[Opening Data extract section]
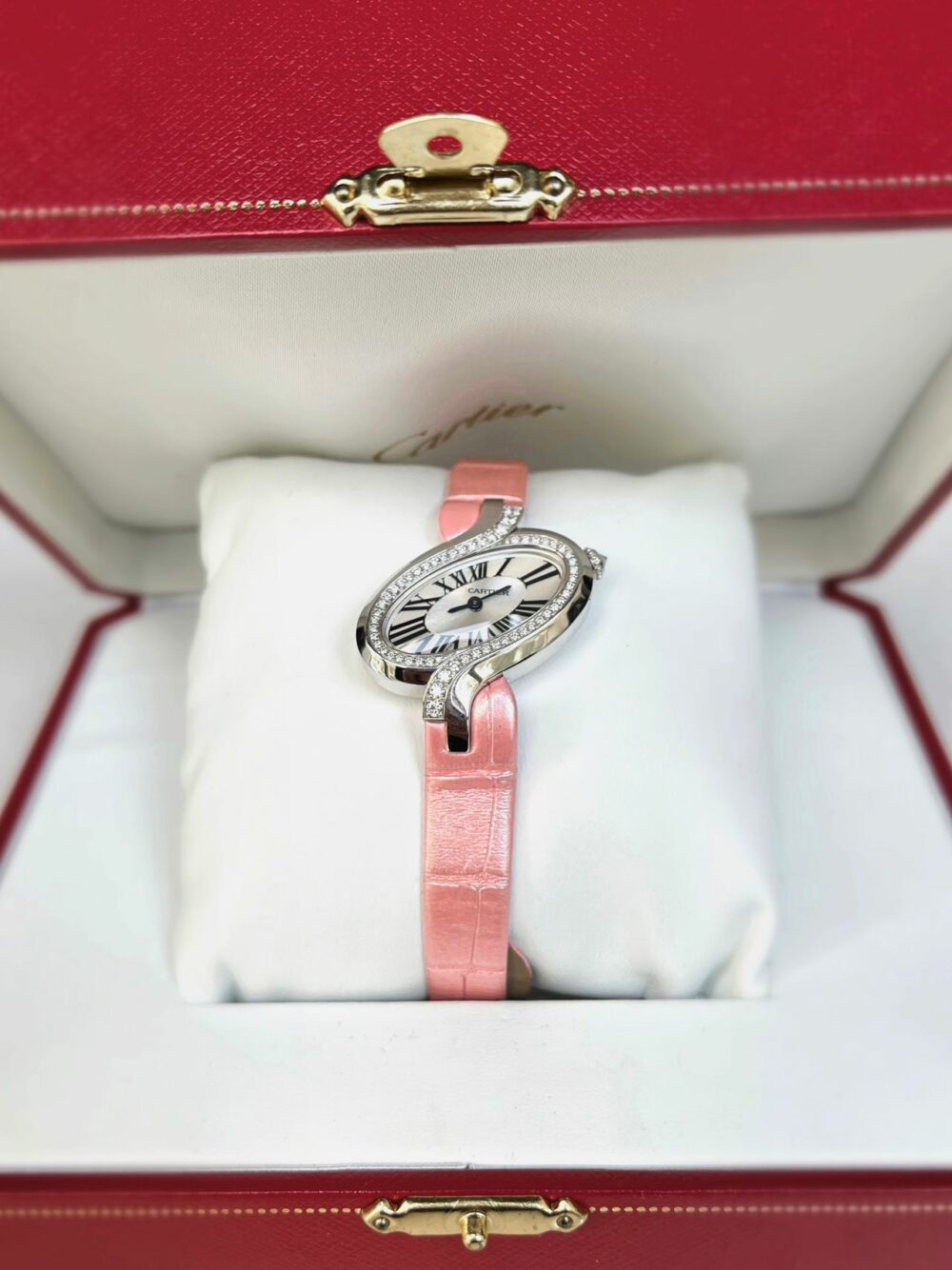 CARTIER DELICES 18K WHITE GOLD & DIAMONDS - Image 6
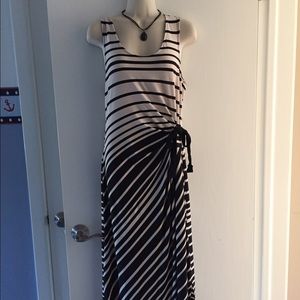 Floor length tank top maternity dress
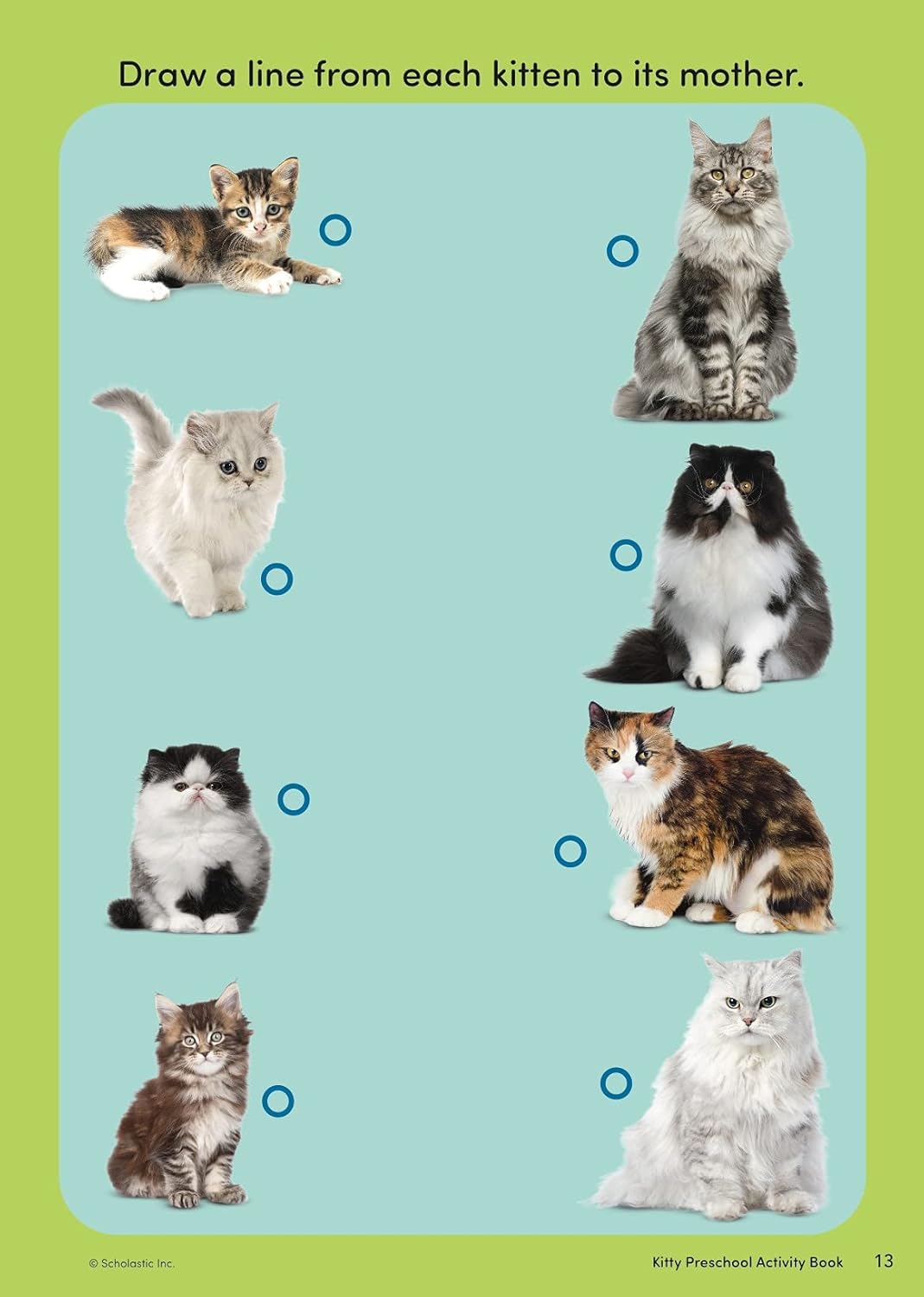 Scholastic Kitty Preschool Activity Book, Pre-K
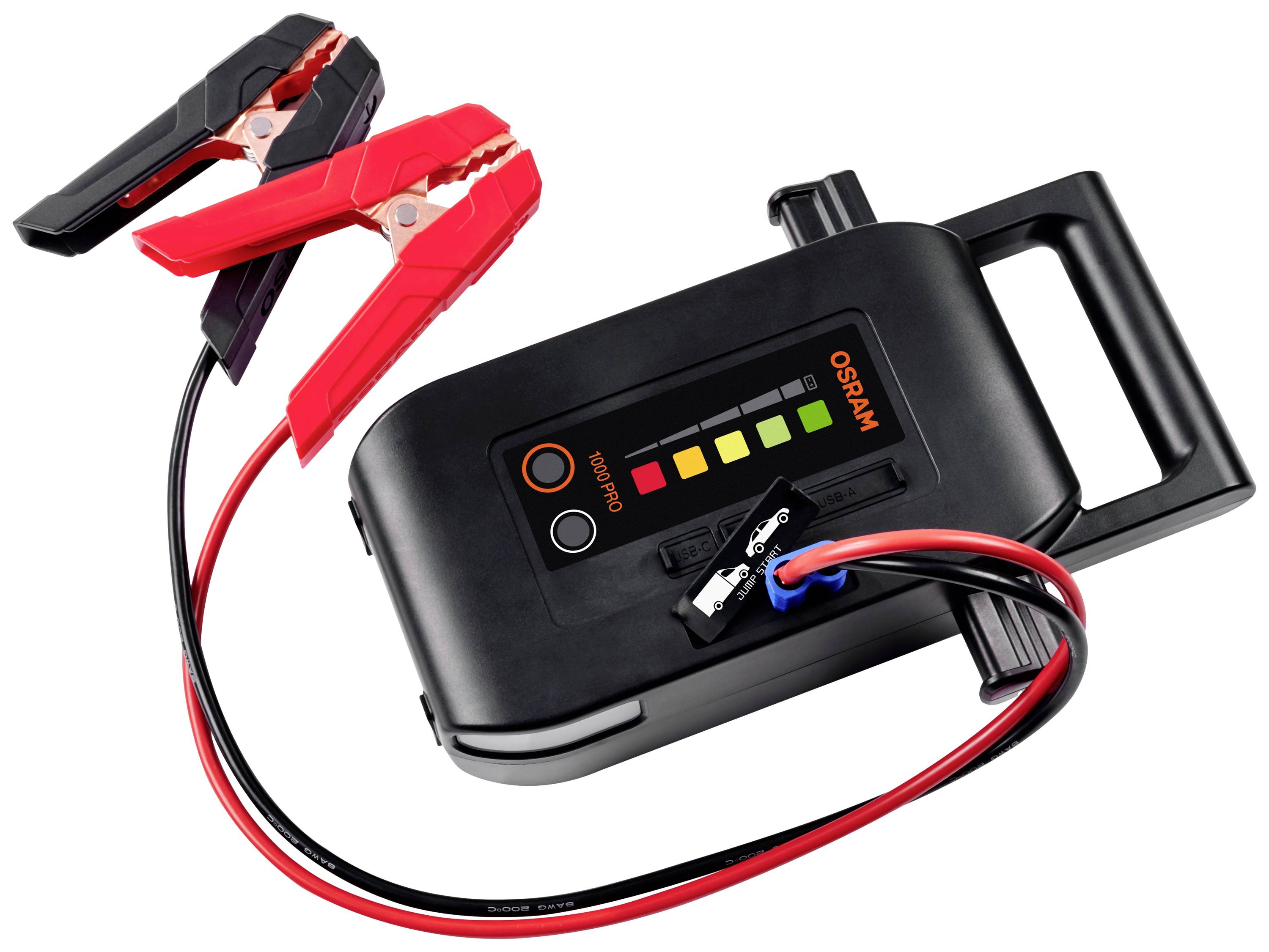 Osram Automotive Schnellstartsystem BATTERYstart PRO 1000 OEBSPL1000 Starthilfestrom (12 V)=1000 A USB-Steckdose 2x-7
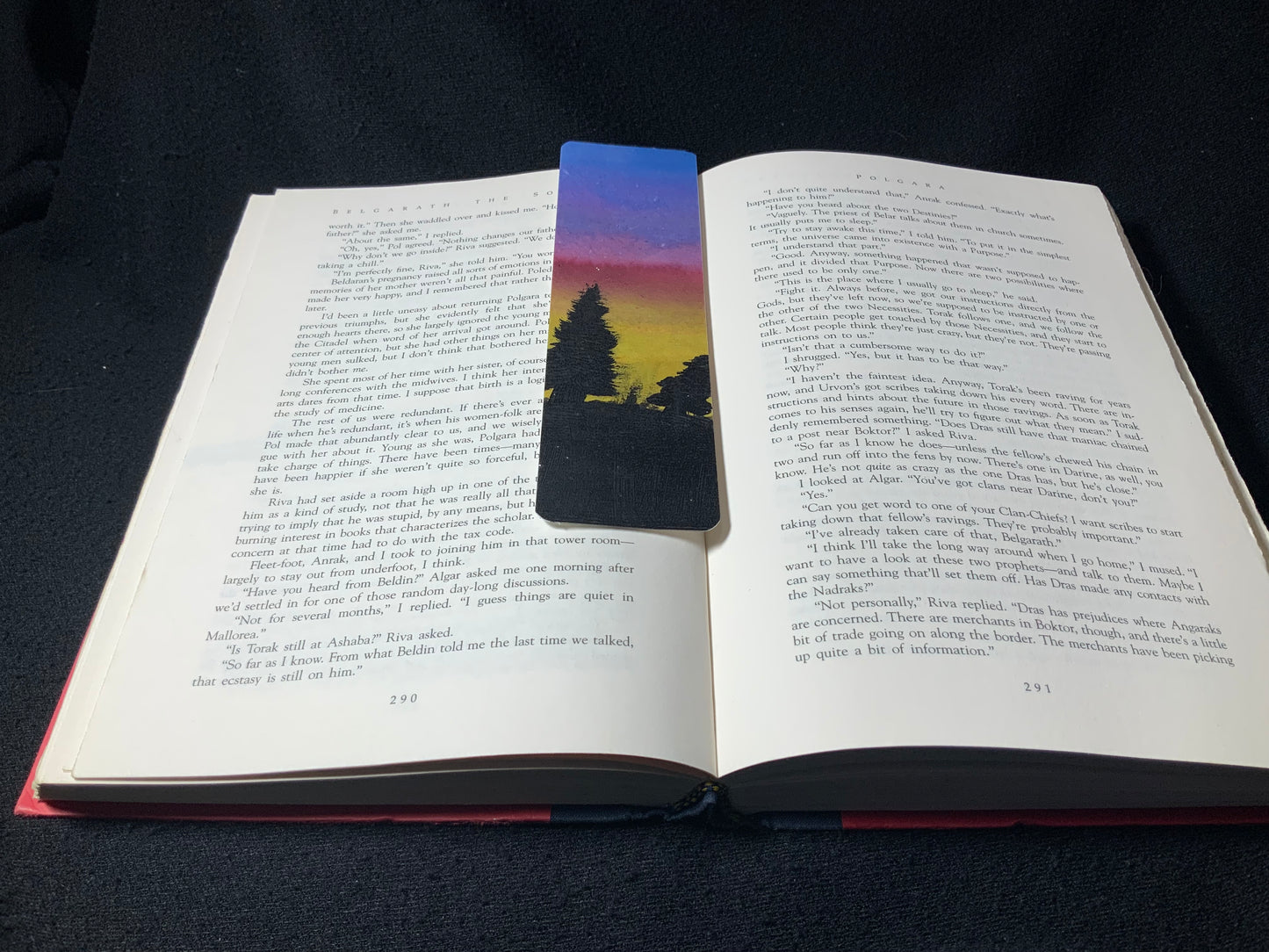 Hand Painted Watercolor Landscape Bookmark 2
[Closing Data extract section]
What you need to do:
Return every line of the data above exactly, and omit all pictures.

Output:
 CARTIER DELICES 18K WHITE GOLD & DIAMONDS - Image 6
 Floor length tank top maternity dress
 Scholastic Kitty Preschool Activity Book, Pre-K
 Osram Automotive Schnellstartsystem BATTERYstart PRO 1000 OEBSPL1000 Starthilfestrom (12 V)=1000 A USB-Steckdose 2x-7
 Hand Painted Watercolor Landscape Bookmark 2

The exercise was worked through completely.